Rep. Jeff Flake, R-Ariz., said that if Reid’s bill, like Boehner’s revised plan, required the passage of a balanced budget constitutional amendment it would offer a true compromise that could satisfy both sides. Flake predicted that would put Democrats in a “political bind.”
“There’s not that much difference between the Reid bill and the Boehner bill. I’d take the Reid bill in its entirety – attach a balanced budget amendment. Force ‘em to say, ‘all right, the only thing we object to is a generic plain, balanced budget amendment,” Flake said. “I’d love to see that.”
Flake was a holdout on Boehner’s plan until Friday morning, when House Republicans decided to add a balanced budget amendment provision to the bill.
Once it was announced that such a measure would be added to Speaker Boehner’s plan, Flake joined his party’s ranks in supporting the bill, along with several other Republicans.
House Democrat Robert Andrews of New Jersey, however, said that in addition to his own ideological opposition to a balanced budget amendment, he doubted such a bill’s ability to pass in the Senate.
“That’s like saying, ‘we’ll extend the debt ceiling if I can play, you know, center field for the Yankees,’” Andrews said. “It isn’t happening, I wish it were, but it isn’t happening.”
Friday afternoon, a few hours before the House was set to vote on Boehner’s revised plan, House Majority Leader Eric Cantor was not yet willing to consider that kind of hypothetical compromise.
“We are not at the point right now that we’re negotiating any other thing other than the bill we’ve got on the floor,” Cantor, R-Va., said when asked if he could support the Reid plan if it included a balanced budget amendment requirement.
Cantor pointed out that while the House of Representatives has already approved one bill in the form of Cut, Cap and Balance, and is in the process of passing another today, the Senate has not yet passed a plan.

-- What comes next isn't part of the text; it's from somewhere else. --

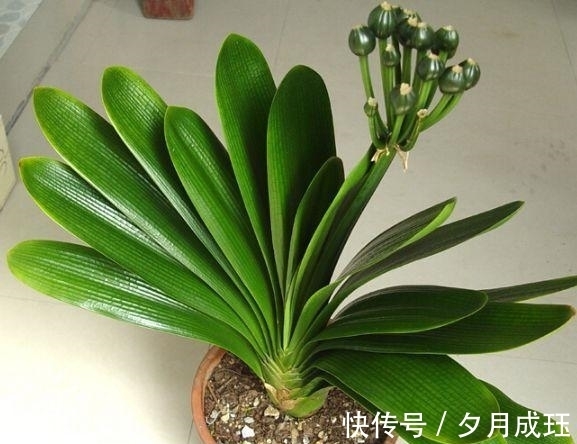 步骤|想让君子兰的叶子绿油油，这4个步骤不要做错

“It’s time for the majority leader of the Senate to live up to what he’s said that he doesn’t want to bring on economic collapse and the consequences of going past Aug. 2,” Cantor told ABC News Friday afternoon. “Let’s see some action on the part of the Senate.”
The House is scheduled to vote on Boehner’s plan for the debt ceiling this evening at approximately 6:00 p.m. Democrats have threatened that should such a measure pass the House, it would be “dead on arrival” in the Senate.
ABC's John Parkinson contributed to this report.